Le dossier d'explication de la loi de modernisation de l'économie nous donne quelques précisions à ce sujet : « l'essentiel est que la venue en France de ces personnes constitue un “plus” pour le dynamisme économique du pays, en raison de leur expérience, de leur dynamisme, de leur talent ou tout simplement de leur notoriété. » Parmi les critères permettant d'attribuer une carte de résident figure donc la notion de notoriété. Je suis impatient de savoir comment elle sera appréciée !

En mettant en regard cette disposition avec celle de la loi de juillet 2006 relative à l'immigration et à l'intégration, qui créait la carte « compétences et talents », une intéressante classification se fait jour. Rappelons que « la carte de séjour “compétences et talents” peut être accordée à l'étranger susceptible de participer, du fait de ses compétences et de ses talents, de façon significative et durable au développement économique ou au rayonnement, notamment intellectuel, scientifique, culturel, humanitaire ou sportif de la France et du pays dont il a la nationalité. » Or tout cela, mes chers collègues, ne vaut que trois ans. Aujourd'hui vous faites monter les enchères, madame la ministre, et vous créez, en matière de titre de séjour, la carte gold !

Ce n'est certes pas nous qui critiquerons le fait de donner à certains étrangers la possibilité de venir en France, bien au contraire. Comme M. de Rugy, je pourrais évoquer le cas d'une femme menacée de mariage forcé – en Turquie, cette fois. Je me bats pour que le ministre accepte de faire un geste, pour qu'il admette qu'une telle situation justifie d'accorder le statut de réfugié.

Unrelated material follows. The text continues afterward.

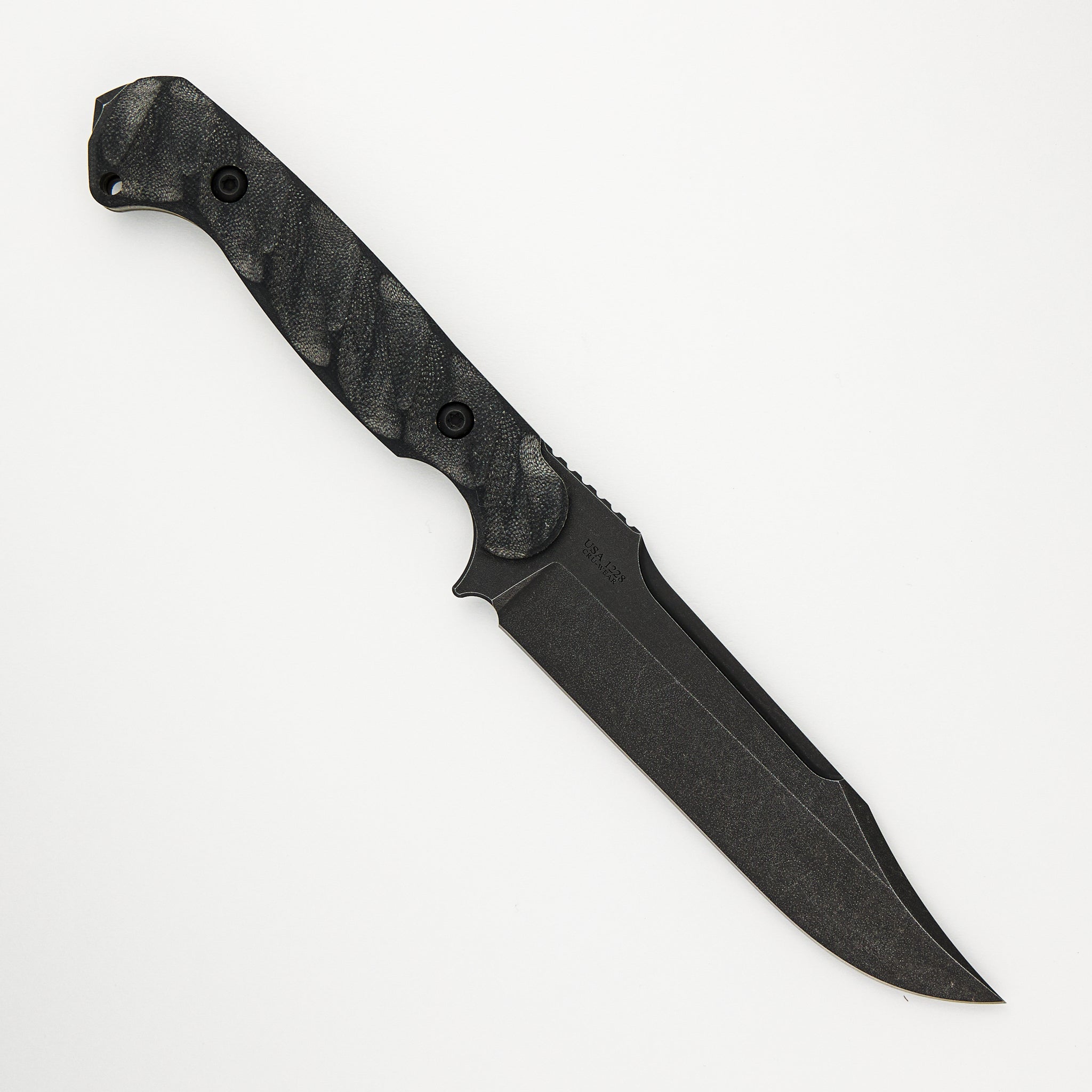 Toor Knives Valor - Bomber Black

Le problème vient de votre conception du droit des étrangers de plus en plus utilitariste. Il y a six mois, vous vous seriez défendus de vouloir en arriver là. Mais vous y venez ! Quand on pense à tous ceux auxquels on mégote un titre de séjour, auxquels on fait supporter d'incessantes formalités et de longues files d'attentes, comme à la préfecture du Val-de-Marne – M. Gosnat peut en témoigner –, c'est une honte de fournir, avec cette carte gold, une solution à ceux qui n'en ont pas besoin.

C'est scandaleux. Avec un tel droit des étrangers, la France se voile petit à petit de noir. Dans l'état actuel de l'économie mondiale, nous devons venir en aide aux pays les plus défavorisés, au lieu de nous contenter de déclarations d'intention. Nous savions que cela arriverait ! Nous l'avons dénoncé en juillet 2006 et à l'automne dernier. Je suis désolé de vous le dire, madame Lagarde, mais on vous fait faire, à cette occasion, de basses oeuvres ! (Applaudissements sur les bancs du groupe socialiste, radical, citoyen et divers gauche.)